If you recognize any or all of these traits in your relationship with your mom, you may be experiencing a toxic mother and child dynamic. However, that doesn’t mean that the relationship has to be that way forever. There are several ways to move forward and try to improve the relationship.
What To Do To Improve The Relationship
The first step in improving your relationship with your mother is recognizing that she is a person, just like you, with her own history and struggles. You should stop asking, “Why does my mother hate me?” and instead ask, “How can I try to understand my mom’s point of view?”
Now, make no mistake: considering your mother’s point of view does not mean that you need to accept her experiences as excuses. Taking your mom’s experiences into account is merely a way to identify some reasons why she may have negative feelings towards you. It is not a reason to accept or cover up an abusive relationship or to justify her toxic behavior in any way. Remember, no matter what you do, you can’t change her behavior. Your mother’s behavior is her own responsibility!
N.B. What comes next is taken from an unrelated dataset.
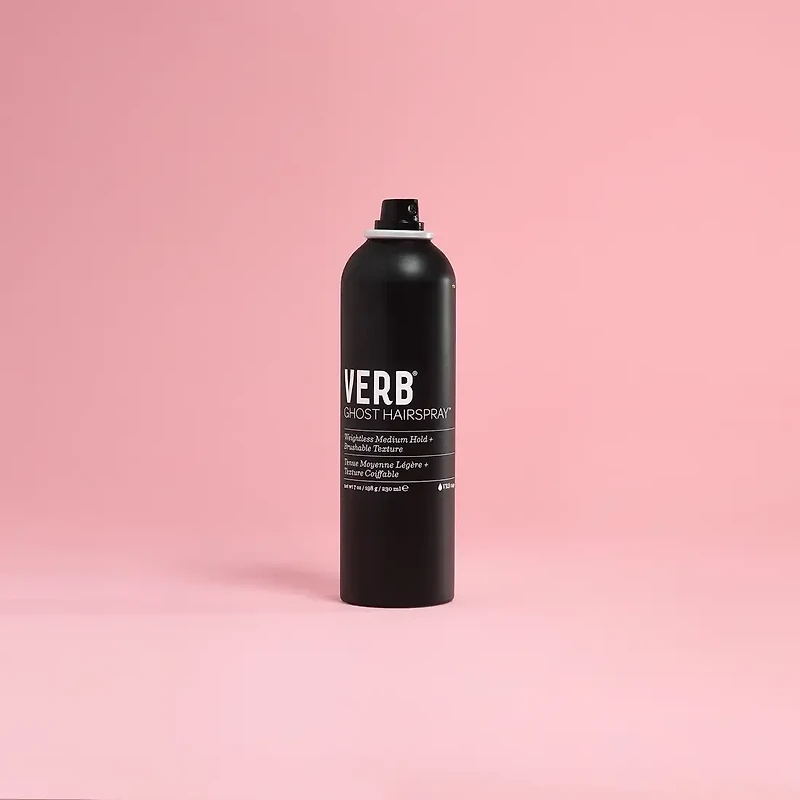 VERB - GHOST | Fixatif Flexible Léger / Weightless Flexible Hairspray (230ml/7oz)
However, looking through all of the possible things contributing to your mother’s experience could help you better understand how to approach her. If you want to improve your relationship with your mom, you should try first talking to your mother. Before you start talking, though, you should establish some basic ground rules for the conversation.
- There shouldn’t be any judgment, just an explanation of honest experiences and emotions. There should be no “right” and “wrong” answers, only honest answers.
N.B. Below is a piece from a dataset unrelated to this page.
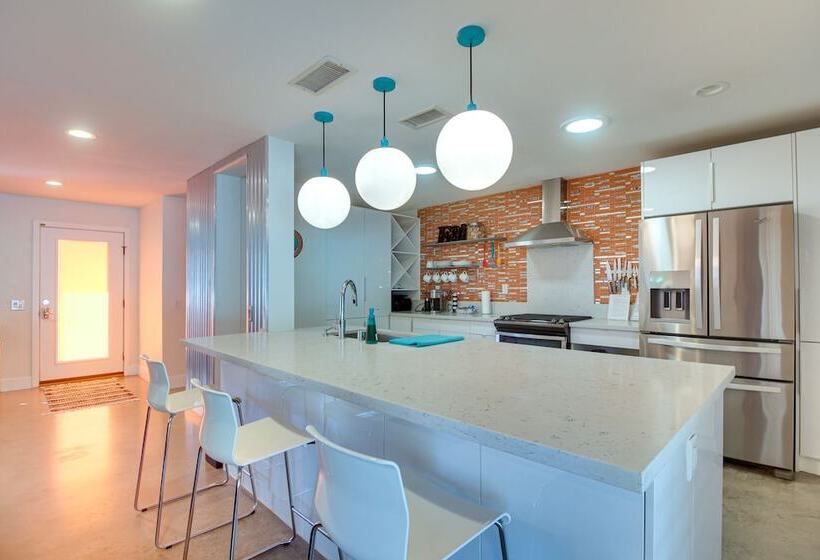 Pet Friendly Palm Springs Oasis W/ Private Pool!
- Both sides should aim to listen more than they speak. If you both go into the conversation open to what the other has to say, you’ll both benefit from hearing the other person out instead of being quick to get defensive.
- Understand and accept that you can’t change your mother or her behavior. No matter how much you listen or agree in a conversation, how your mother changes or refuses to change her behavior is entirely up to her. While you can encourage healthy and forward-thinking dialogue, you can’t be responsible for your mother’s behavior.
The thought of starting up these conversations with your mom may seem intimidating or even impossible. If that’s the case, you should consider getting some professional help from talking to your mother. Many counselors and therapists are specially trained in family home issues and can sit down with you and your mom together to start working through your relationship problems.
Step by step, and with a lot of understanding and patience from both sides, it’s possible to work towards a better relationship with your mother.